Kamis, 14 November 2019. Hujan baru turun selepas maghrib di Papringan. Siang tadi terik, estimasi tiba di kampus menjadi tertunda dari jam tepat pada biasanya. Dua hari ini jadwalnya kampusku menggelar acara wisuda. Aku memang tidak terlalu suka keramaian. Setiap keramaian yang ada, kerapkali kuhindari, jika bukan mengadakan seminar yang mendatangkan tokoh-tokoh favorit. Jalanan macet. Bahkan sebagai pengendara motor pun tidak bisa mengambil jalan selap selip.
Wisudawan banyak. Lebih banyak lagi sanak famili yang mendampingi. Mirip seperti pesta rakyat. Tetapi make-up dan potret keabadian yang terambil dari kamera smartphone jumlahnya lebih banyak dibandingkan makanan. Padahal banyak orang-orang lapar.
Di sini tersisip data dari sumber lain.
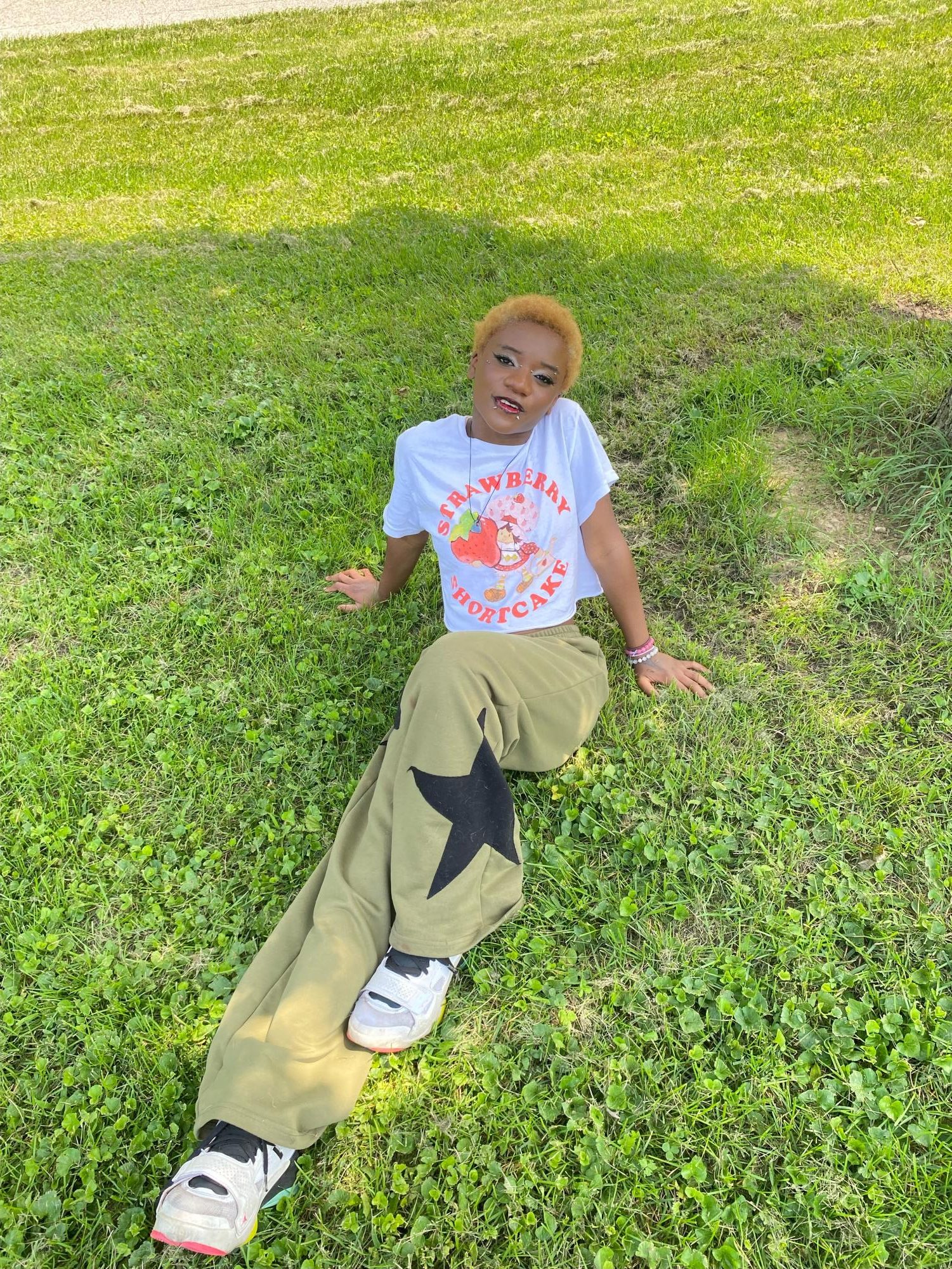 Freshman Martine Metelus poses with her green pants imprinted along with a black star, which was brought from the brand SHEIN.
Seketika mengingatkanku pada kutipan buku terjemahan dari Represetations of Intellectual Edward W. Said. ‘Apakah kaum intelektual sangat banyak jumlahnya, atau sebaliknya, sangat sedikit dan merupakan kumpulan orang yang sangat terseleksi?’ Manusia yang membangun kesadaran umat manusia, ujar Julien Benda. Mencipta tatanan masyarakat; makhluk langka lantaran menjunjung tinggi standar kebenaran dan keadilan abadi. ‘Digerakkan oleh dorongan metafisis dan prinsip-prinsip keadilan dan kebenaran.’ Intelektual memerangi korupsi, melindungi kaum papa, menentang otoritas yang menyimpang dan zalim.’
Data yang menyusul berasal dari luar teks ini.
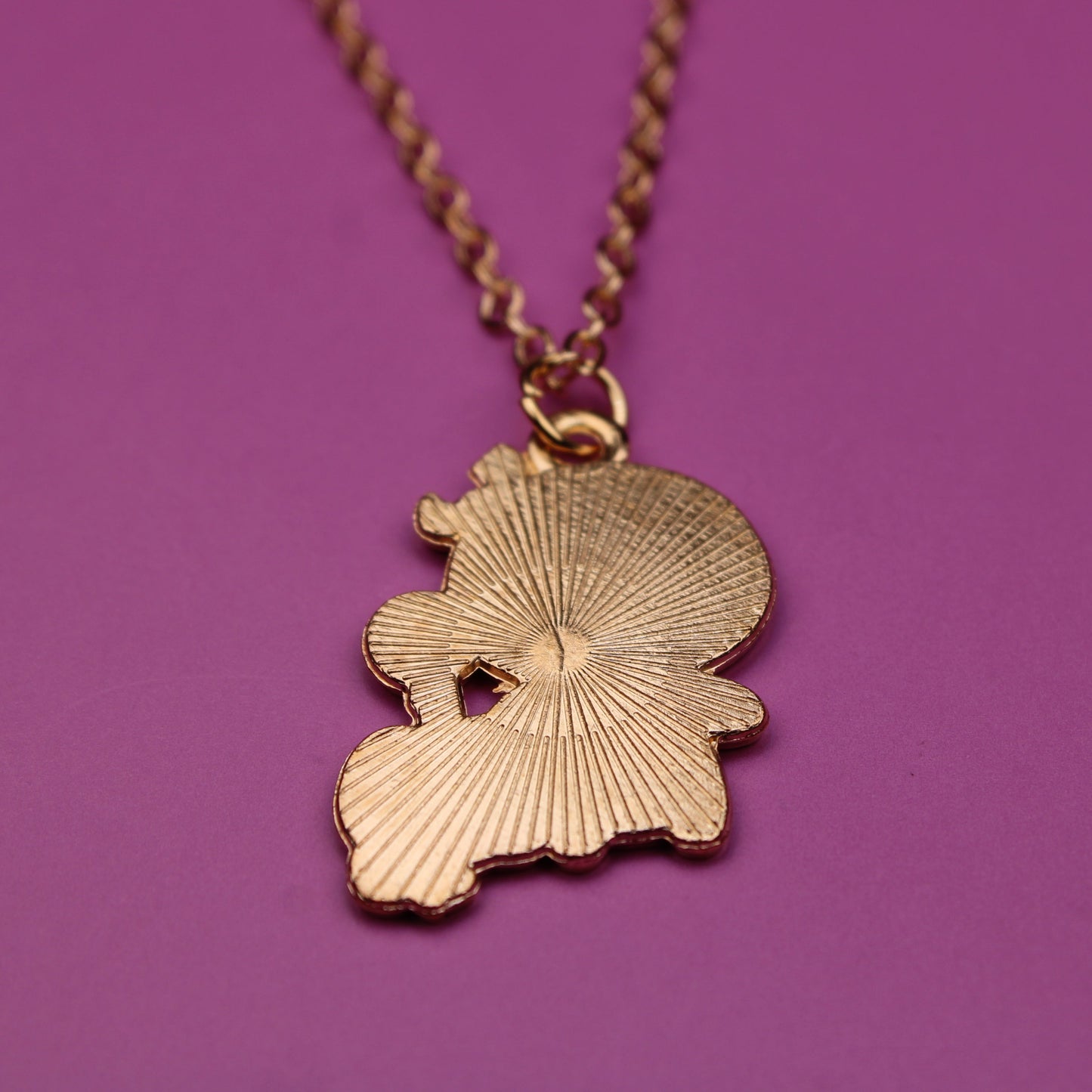 Gold necklace with a leaf-shaped pendant on a purple background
Pada sebuah kampus yang relatif tidak memiliki lahan yang luas, sudah hampir tujuh tahun rasa jengah tertahan kala acara wisuda. Mengapa harus diadakan di kampus? Seberapa banyak uang yang harus disiapkan/dipinjam oleh orang tua. Waktu yang terbuang. Belum lagi menghambat lalu lintas sekitar.
Pengabdian terhadap masyarakat bisa dilakukan berbagai macam cara. Namun, mahasiswa yang belajar di sebuah daerah belum tentu terlahir dari daerah tersebut. Terlebih di Yogyakarta, ada yang katakan sebagai miniatur Indonesia, tentu mahasiswa datang dari berbagai tempat di seluruh penjuru Indonesia. Bagaimana jika ceremonial diselenggarakan dengan cara lain yang lebih syahdu dan menjanjikan masa depan negeri ini.
Daripada oleh rektor universitas, wisuda alangkah indahnya jika bisa digelar di masing-masing daerah dan disambut oleh Bupati daerah. Mahasiswa dapat berdiri tanpa terlihat dari ‘institusi’ mana ia berasal. Ia berdiri sebagai putra daerah yang telah menyelesaikan studinya. Ia berdiri tidak mewakili universitasnya, melainkan pengetahuan yang siap berdialog masyarakat. Aku menyadari diskursus ‘intelektual’ seringkali bertentangan dengan term kekuasaan. Tetapi, untuk inilah penguasa ideal hadir.
Aku sudah membayangkan bagaimana Bupati dan tokoh-tokoh daerah membuat perayaan yang sesungguhnya ‘tidak diinginkan’. Bupati dan para tokoh secara tim mengajak mahasiswa berkeliling melihat realitas tanah kelahiran yang cukup lama ditinggal pergi, bahkan sebagian mahasiswa justru hanya ‘numpang’ lahir atau lebih lama di tempat lain. Tokoh-tokoh mengenalkan dan mendiskusikan permasalahan di daerahnya, ia melihat kemiskinan, kesenjangan, pengangguran karna PHK. Bahkan jika ini dipandang sesuatu yang muluk dan rumit, aku hanya katakan mengasah kembali kepekaan terhadap keadaan sosial.
Tanpa menyandang almamater apapun, setelah semua mahasiswa berkumpul kembali di satu tempat, seorang tokoh masyarakat berdiri dan menyampaikan: “Putra-putri daerah yang terhormat, tanah ini masih banyak dipenuhi oleh orang-orang yang lapar, tidak memiliki tempat tinggal, pengangguran serta orang rakus yang memperkaya diri sendiri. Apa yang bisa kita lakukan?”